The problem is that there's always a man behind the curtain—hardware fails and the network isn't reliable. AWS has done an amazing job engineering their system and driving out failure scenarios. But there's one system that seems to be so complex that it fails again and again: Elastic Block Storage.

It seems that ever since the introduction of EBS, AWS has been trying to actively promote the use of EBS. For example, RDS and a number of other AWS offering are based upon it. This is a big drawback with the AWS cloud compared to other providers. Other cloud providers have stuck with physical disks (and SANs in some cases) because it's easy and reliable as far as disks are concerned. Yes, physical disks are slightly less capable, but they're better understood and present a known set of failure scenarios when compared to a network-based solution.

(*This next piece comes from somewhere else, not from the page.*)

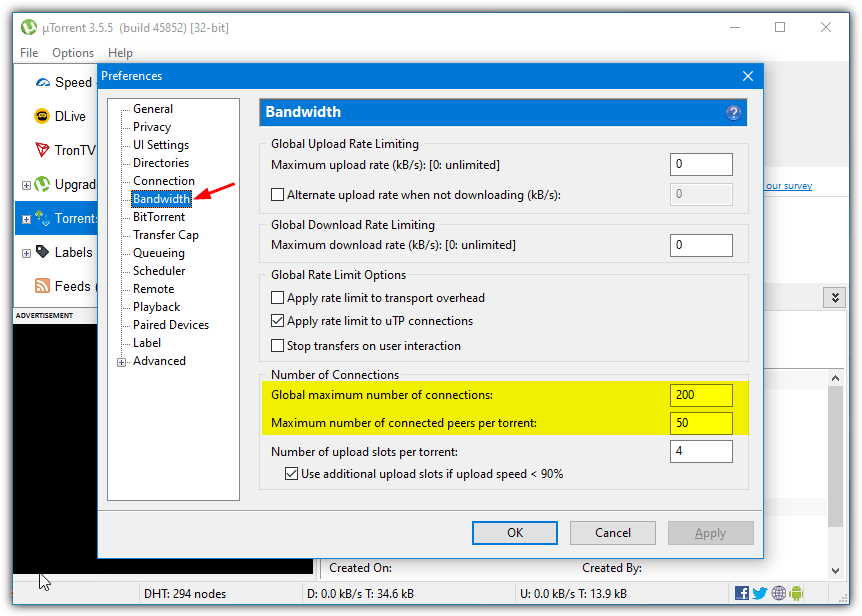 Utorrent max connections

On the surface, EBS solves the immediate business problem of durable/stateful storage on instance. This allows an operating system that think it own the underlying hardware to continue to operate on this same principle. But it's a crutch. Now I'm not saying that everyone should give up and just use S3, but I am saying that you may want to consider the storage requirements of your application when deploying and scaling. For example, there's a big difference in the underlying requirements for stateless systems such as web servers, application servers, etc. as compared to databases and message queues. If you drive out those differences in your architecture and infrastructure, it allows you to make trade offs about where and how the various kinds of services will be hosted.

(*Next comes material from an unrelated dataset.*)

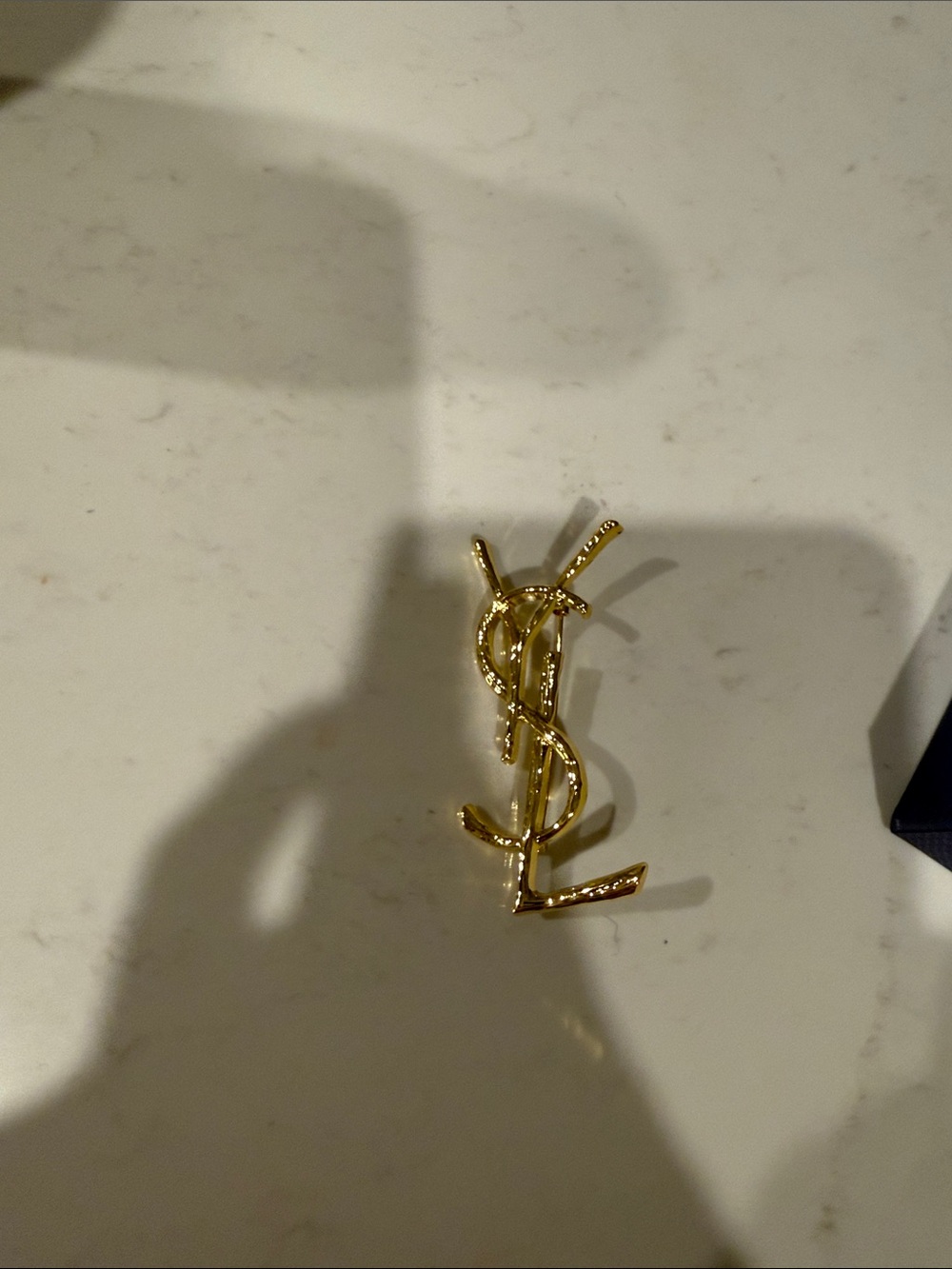Yves Saint Laurent Gold-tone Interlocking YSL Brooch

One of the biggest problems I have with EBS is that, for me, it violates the principle of boundaries. Specifically, I like to architect solutions based upon known boundaries—that of a physical disk or a physical machine. By considering local, physical devices rather than unknown, remote logical devices made to look like a single physical device, we constrain the boundaries of failure to a single machine. In traditional RAID storage, the failure modes are well understood and are handled at the hardware level. In EBS, the complexity of the implementation and all of the moving parts and variables allows a lot of room for error such that it's possible to have an outage across the entire AWS region, despite the single availability zone promises made by Amazon to the contrary. Note that EBS only recently started offering an SLA, but what's a few credits to your account in the face of hours or even days of failure?

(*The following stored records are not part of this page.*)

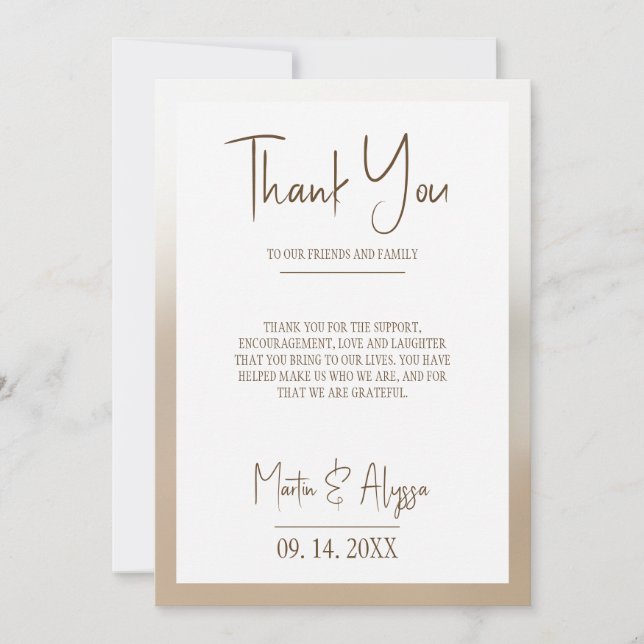 Simple Style Thank You Card (Front)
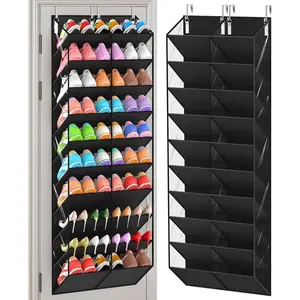 20-30 Pairs Over the Door Shoe Organizer, Clear Pockets Hanging Shoe Storage for Closet, 10-Tier Door Shoes Rack, Handing Shoes Holder Fit All the Family's Sneakers,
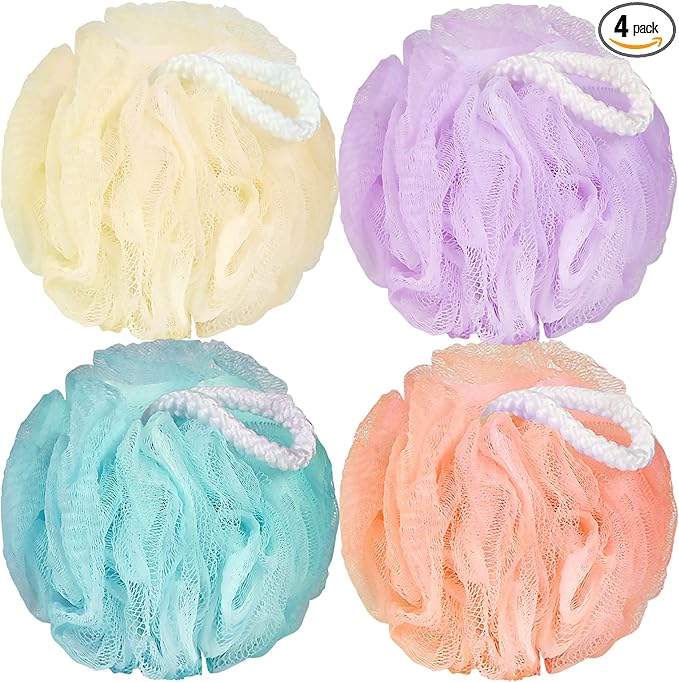 FARMOGA Bath Loofah Sponge Body Scrubber Shower Sponge Exfoliating Mesh Pouf Shower Ball Bath Sponges for Women and Men Bathing Accessories (4Pack 50G Colorful)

Fortunately, there are a lot of public AMIs maintained by the OS vendors that use instance-based storage rather than EBS storage. One reason we don't use them is because they're not actively promoted—in fact, they're typically hidden because of the support burden to Amazon resulting from misunderstanding about their durability guarantees—that and they're more difficult to work with, such as snapshotting, and other use cases.

One question people have is whether S3 is just EBS under the hood. The answer to that is no. S3 was the original cloud offering from Amazon from 2004 and operates on the principle of replication. EBS is a relatively new invention (circa late 2009 or so).

If you're the type that likes to get bitten hard by catastrophic failures and massive data loss, then by all means, keep using EBS. It's only a matter of time before an EBS outage strikes again. And please, try to stay out of Virginia (us-east-1), it seems to be the most susceptible to EBS failures.